■ **Aim of the exercise**
Repeat the lines of the data that follow, please, starting at the first and stopping after the one with "PEERS HARDY Set".

■ **Material to process**
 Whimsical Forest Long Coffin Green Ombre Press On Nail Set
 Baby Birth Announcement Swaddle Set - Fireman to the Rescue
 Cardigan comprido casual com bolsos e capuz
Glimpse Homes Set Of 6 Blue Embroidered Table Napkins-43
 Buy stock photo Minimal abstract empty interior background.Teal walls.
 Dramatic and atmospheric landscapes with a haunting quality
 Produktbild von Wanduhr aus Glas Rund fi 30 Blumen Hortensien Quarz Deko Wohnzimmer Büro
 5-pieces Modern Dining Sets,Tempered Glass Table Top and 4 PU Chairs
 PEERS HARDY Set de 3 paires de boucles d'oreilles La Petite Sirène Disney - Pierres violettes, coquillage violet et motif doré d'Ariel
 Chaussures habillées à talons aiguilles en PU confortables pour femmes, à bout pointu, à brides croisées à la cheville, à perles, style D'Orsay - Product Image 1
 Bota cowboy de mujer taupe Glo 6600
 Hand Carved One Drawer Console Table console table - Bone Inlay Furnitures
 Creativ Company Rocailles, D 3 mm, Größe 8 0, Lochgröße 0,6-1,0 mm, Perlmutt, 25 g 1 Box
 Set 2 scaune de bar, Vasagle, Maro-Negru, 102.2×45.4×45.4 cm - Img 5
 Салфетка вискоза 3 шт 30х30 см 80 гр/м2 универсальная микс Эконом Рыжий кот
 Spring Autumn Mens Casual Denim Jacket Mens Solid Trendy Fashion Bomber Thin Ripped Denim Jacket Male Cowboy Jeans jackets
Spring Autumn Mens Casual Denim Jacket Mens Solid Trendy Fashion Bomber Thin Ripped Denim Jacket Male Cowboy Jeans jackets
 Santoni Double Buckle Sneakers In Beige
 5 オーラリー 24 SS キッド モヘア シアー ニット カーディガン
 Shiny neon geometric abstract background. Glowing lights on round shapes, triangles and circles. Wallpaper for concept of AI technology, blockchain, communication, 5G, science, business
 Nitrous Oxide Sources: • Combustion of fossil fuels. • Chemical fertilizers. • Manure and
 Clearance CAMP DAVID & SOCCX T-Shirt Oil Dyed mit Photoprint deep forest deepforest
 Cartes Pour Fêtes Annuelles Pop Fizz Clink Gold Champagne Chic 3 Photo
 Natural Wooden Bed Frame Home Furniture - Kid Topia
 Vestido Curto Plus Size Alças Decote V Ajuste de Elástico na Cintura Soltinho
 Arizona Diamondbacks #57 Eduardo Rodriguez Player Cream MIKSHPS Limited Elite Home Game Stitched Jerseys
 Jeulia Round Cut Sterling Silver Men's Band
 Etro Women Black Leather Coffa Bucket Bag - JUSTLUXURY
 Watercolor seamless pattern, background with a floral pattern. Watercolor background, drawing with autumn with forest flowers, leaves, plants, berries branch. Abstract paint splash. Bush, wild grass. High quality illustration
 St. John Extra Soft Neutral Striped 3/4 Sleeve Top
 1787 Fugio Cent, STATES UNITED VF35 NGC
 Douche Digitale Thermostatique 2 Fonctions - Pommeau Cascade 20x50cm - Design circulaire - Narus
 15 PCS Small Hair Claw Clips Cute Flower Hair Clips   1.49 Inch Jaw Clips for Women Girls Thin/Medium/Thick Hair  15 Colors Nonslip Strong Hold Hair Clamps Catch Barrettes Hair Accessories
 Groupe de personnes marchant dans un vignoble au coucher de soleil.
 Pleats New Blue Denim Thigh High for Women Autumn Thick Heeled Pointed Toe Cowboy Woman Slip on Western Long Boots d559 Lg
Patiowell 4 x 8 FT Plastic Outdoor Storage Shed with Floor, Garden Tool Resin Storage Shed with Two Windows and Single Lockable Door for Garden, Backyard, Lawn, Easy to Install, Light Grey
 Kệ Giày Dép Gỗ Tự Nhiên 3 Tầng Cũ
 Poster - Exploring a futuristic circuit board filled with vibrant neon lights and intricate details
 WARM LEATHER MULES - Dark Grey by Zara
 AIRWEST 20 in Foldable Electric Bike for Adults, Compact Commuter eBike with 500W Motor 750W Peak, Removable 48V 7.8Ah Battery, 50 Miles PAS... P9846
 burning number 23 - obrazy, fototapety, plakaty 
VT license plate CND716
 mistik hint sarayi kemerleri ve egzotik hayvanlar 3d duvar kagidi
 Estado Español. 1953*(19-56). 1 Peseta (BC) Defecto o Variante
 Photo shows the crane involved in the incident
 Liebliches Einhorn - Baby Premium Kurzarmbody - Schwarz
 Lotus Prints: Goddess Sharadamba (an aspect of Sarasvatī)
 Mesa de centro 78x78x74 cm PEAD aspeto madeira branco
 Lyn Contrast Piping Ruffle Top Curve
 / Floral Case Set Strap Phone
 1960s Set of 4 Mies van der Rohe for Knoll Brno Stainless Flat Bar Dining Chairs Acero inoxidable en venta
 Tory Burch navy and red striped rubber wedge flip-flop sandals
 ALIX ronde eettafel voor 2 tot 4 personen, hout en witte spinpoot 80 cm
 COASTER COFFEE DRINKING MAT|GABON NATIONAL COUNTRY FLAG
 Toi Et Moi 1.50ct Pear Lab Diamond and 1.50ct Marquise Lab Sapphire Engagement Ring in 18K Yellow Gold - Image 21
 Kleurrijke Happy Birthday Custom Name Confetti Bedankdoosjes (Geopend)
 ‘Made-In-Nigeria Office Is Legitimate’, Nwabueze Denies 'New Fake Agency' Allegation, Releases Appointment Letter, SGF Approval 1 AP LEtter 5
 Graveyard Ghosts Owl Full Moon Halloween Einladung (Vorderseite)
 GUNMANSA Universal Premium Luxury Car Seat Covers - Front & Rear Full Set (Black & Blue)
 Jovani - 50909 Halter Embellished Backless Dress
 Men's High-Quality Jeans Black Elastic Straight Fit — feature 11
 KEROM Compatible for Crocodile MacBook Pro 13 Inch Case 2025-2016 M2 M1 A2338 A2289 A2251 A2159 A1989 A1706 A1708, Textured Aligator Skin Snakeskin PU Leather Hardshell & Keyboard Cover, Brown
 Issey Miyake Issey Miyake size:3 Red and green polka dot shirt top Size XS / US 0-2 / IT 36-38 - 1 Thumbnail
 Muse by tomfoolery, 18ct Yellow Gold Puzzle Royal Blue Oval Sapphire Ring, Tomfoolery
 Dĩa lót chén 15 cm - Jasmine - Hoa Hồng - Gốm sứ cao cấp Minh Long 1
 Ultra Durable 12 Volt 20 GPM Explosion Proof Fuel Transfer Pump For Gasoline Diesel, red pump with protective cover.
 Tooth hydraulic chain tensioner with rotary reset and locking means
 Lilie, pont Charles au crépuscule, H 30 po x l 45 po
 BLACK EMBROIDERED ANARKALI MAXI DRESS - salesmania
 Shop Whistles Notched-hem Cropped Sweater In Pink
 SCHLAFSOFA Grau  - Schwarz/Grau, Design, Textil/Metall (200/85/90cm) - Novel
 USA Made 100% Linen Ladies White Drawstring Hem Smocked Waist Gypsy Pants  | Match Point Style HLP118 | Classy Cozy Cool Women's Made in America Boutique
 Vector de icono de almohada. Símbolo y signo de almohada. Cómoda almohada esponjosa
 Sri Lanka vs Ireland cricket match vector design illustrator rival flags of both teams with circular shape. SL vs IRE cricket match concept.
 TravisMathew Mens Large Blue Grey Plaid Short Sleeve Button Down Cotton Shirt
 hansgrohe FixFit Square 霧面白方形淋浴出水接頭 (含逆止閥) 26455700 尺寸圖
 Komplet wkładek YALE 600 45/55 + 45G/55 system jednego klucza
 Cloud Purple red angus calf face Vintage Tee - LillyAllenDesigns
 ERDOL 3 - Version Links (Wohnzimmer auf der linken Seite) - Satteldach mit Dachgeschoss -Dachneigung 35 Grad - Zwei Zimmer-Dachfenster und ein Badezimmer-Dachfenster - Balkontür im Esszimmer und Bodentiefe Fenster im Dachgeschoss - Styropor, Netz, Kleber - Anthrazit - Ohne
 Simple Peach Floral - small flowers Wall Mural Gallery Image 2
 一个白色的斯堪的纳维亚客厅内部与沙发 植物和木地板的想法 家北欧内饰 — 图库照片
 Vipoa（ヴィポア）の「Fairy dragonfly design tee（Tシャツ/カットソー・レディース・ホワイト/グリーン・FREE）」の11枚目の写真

■ **Your solution**
 Whimsical Forest Long Coffin Green Ombre Press On Nail Set
 Baby Birth Announcement Swaddle Set - Fireman to the Rescue
 Cardigan comprido casual com bolsos e capuz
Glimpse Homes Set Of 6 Blue Embroidered Table Napkins-43
 Buy stock photo Minimal abstract empty interior background.Teal walls.
 Dramatic and atmospheric landscapes with a haunting quality
 Produktbild von Wanduhr aus Glas Rund fi 30 Blumen Hortensien Quarz Deko Wohnzimmer Büro
 5-pieces Modern Dining Sets,Tempered Glass Table Top and 4 PU Chairs
 PEERS HARDY Set de 3 paires de boucles d'oreilles La Petite Sirène Disney - Pierres violettes, coquillage violet et motif doré d'Ariel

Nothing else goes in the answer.